Researchers from Tohoku University, University of Tokyo, Australian Nuclear Science and Technology Organization, High Energy Accelerator Research Organization and Comprehensive Research Organization for Science and Society have found that the spin current signal changes direction at a certain magnetic temperature and diminishes at lower temperatures.
Spintronics uses electrons’ intrinsic spin, which is vital to the field, to regulate the flow of the spin degree of freedom, that is, spin currents. Scientists are continually exploring new ways to manage spintronics for future uses. Detecting spin currents is quite complicated and necessitates the use of macroscopic voltage measurement, which examines the entire voltage fluctuations across a material. However, a major stumbling block has been a lack of understanding of how the spin current flows or propagates inside the material.

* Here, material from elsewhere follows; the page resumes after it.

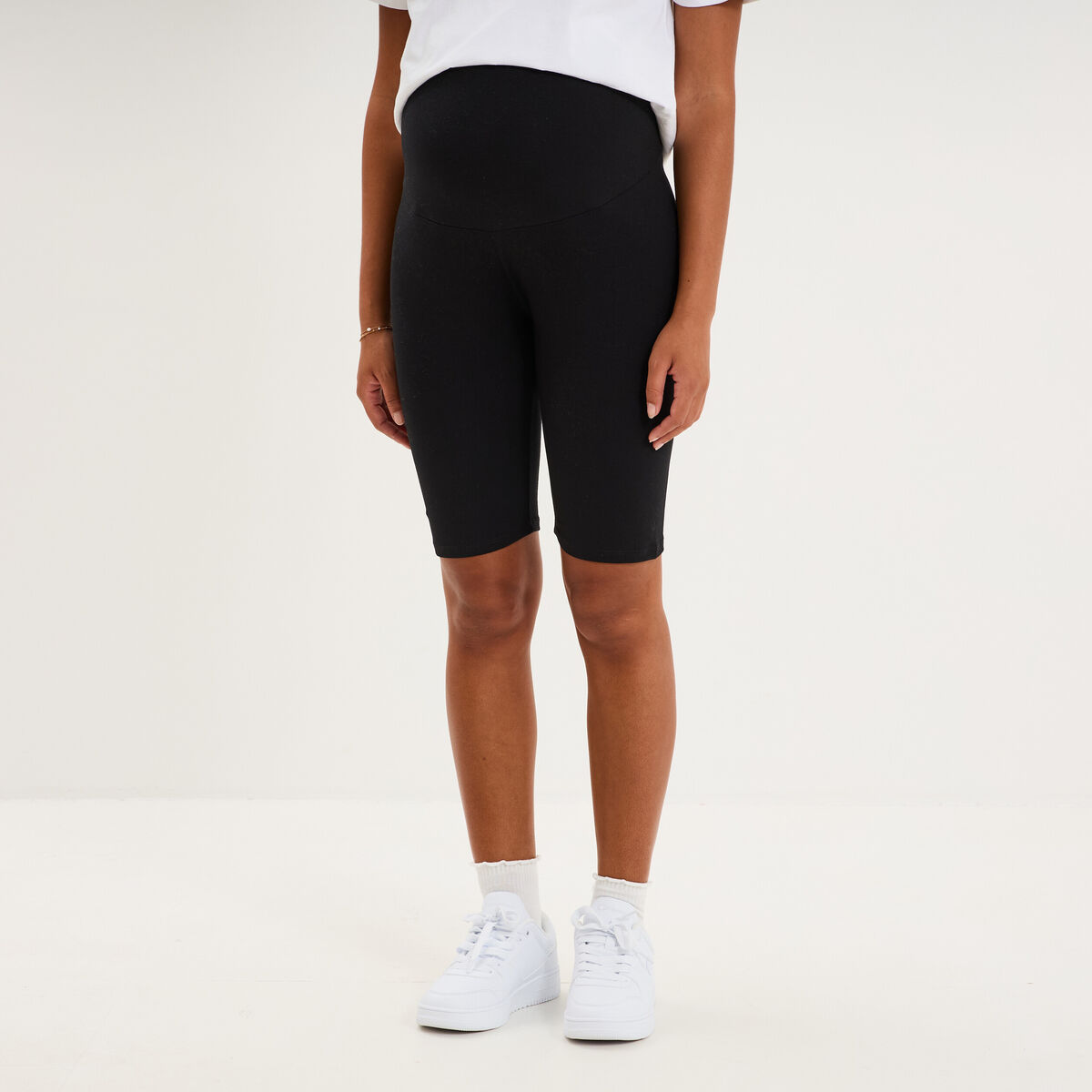 Short cycliste grossesse noir femme maternit&eacute;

Using neutron scattering and voltage measurements, the scientists demonstrated that the magnetic properties of the material can predict how a spin current changes with temperature. They also discovered that the spin direction, or magnon polarization, flips at and below this crucial magnetic temperature. This shift in magnon polarization corresponds to the reversal of the spin current, providing information on its propagation direction.

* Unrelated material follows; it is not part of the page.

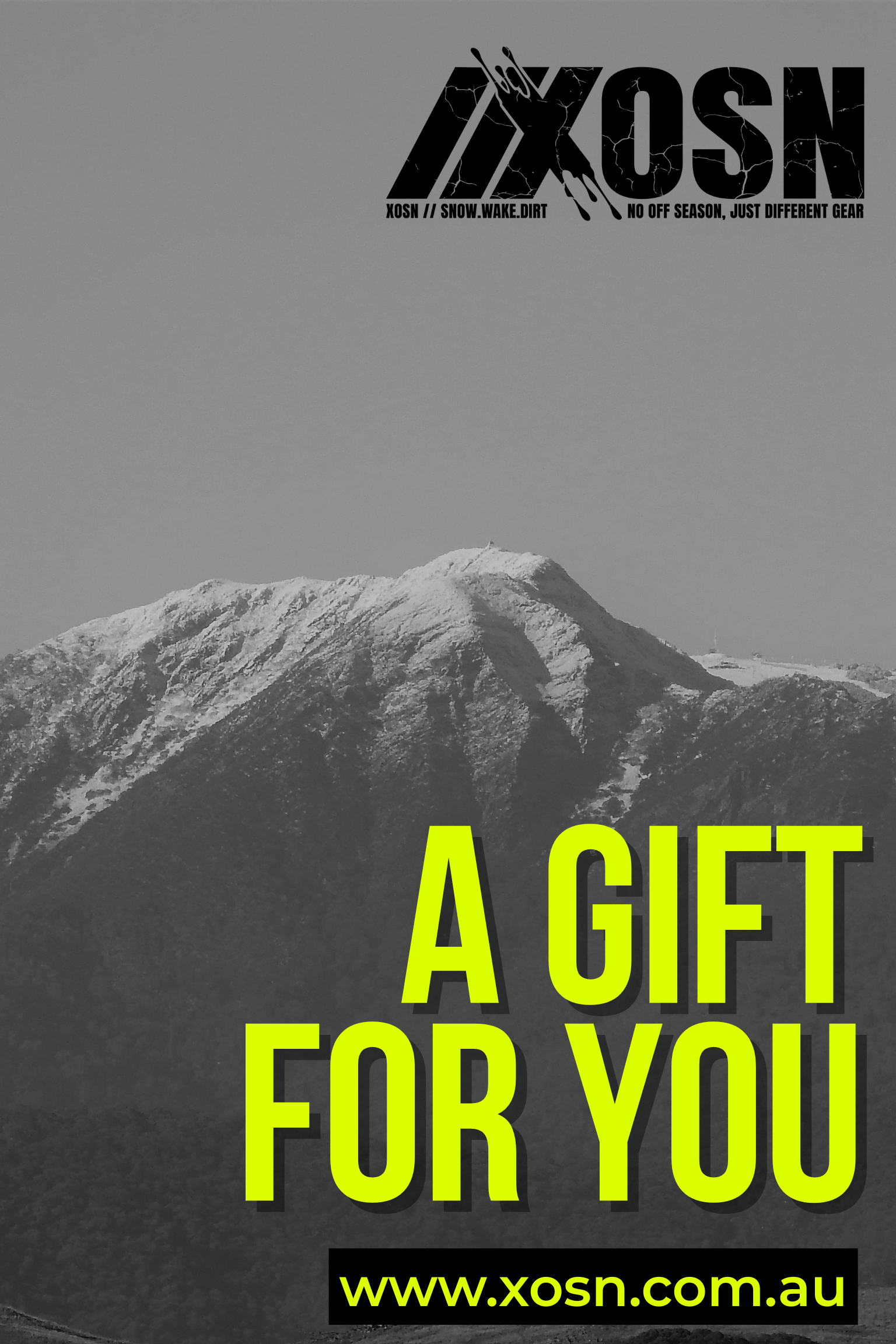 XOSN // No Off Season GIFT CARD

The material tested exhibited magnetic properties with unique gap energies. This shows that spin current carriers are nonexistent below the temperature associated with this gap energy, explaining the observed decrease in the spin current signal at lower temperatures. Surprisingly, the spin current’s temperature dependence exhibits an exponential decrease, echoing the neutron scattering measurements.
The team gained a comprehensive understanding of spin currents in insulating magnets, paving the way for predicting spin currents more accurately and potentially developing advanced materials with enhanced performance.